The resorts’ design, decor and overall aesthetic reflect their individual concepts.
“Each resort’s color palette is an extension of its identity and the type of distinct experience it offers to guests,” according to Merlin Chelliah, chief of village for Club Med Tomamu.
Sahoro champions traditional Japanese interior design and flaunts a more neutral color palette in an effort to provide a truly tranquil space to its guests, Chelliah notes. Meanwhile, at Tomamu, a combination of vibrant colors, an urban feel and a plethora of state-of-the-art facilities masterfully amalgamated by award-winning French designer Jean Phillippe Nuel will reflect Japan’s beautiful landscapes and seasons. Resort materials at Tomamu have also been sourced locally.
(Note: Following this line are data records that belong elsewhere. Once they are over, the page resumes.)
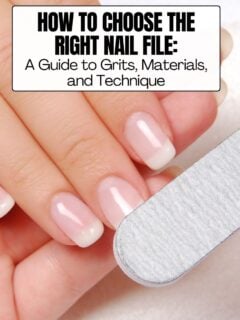 A close-up of a manicured hand with neutral polish being filed, featuring the title 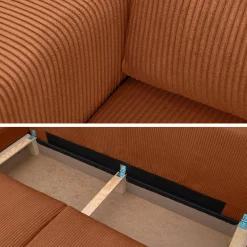 5-Sitzer Ecksofa mit Cordbezug und Schlaffunktion, Recamiere beidseitig montierbar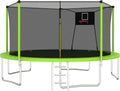1000 LBS 14FT Outdoor Trampoline with Hoop & Enclosure - Family Fun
“Club Med Sahoro is an authentically Japanese snow escape with ease of access to the slopes, high-quality powder snow, a relaxing and recharging ambiance and serene nature,” Chelliah explains. “It has a more peaceful, calm vibe than Club Med Tomamu. On the other hand, Club Med Tomamu is more dynamic and active. This active energy lends itself to the modern, chic design that is more contemporary in nature.”
The dining experiences at the two resorts differ as well. Tomamu will offer more offbeat dining experiences than Sahoro, whose specialty restaurant, Mina Mina, offers a traditional “nabe” (Japanese hot pot) experience, along an international buffet at The Daichi.
Dining options at Tomamu will include an ice bar, an ice dining experience and an ice tea party at the Ice Village; The Nest Zen Bar, which will offer Japanese tea lessons, whiskey tastings and sake tastings; Haku, a Yakiniku (Japanese barbecue) specialty restaurant; and Itara, its main international buffet restaurant, which will boast four different dining areas that represent Japan’s four seasons.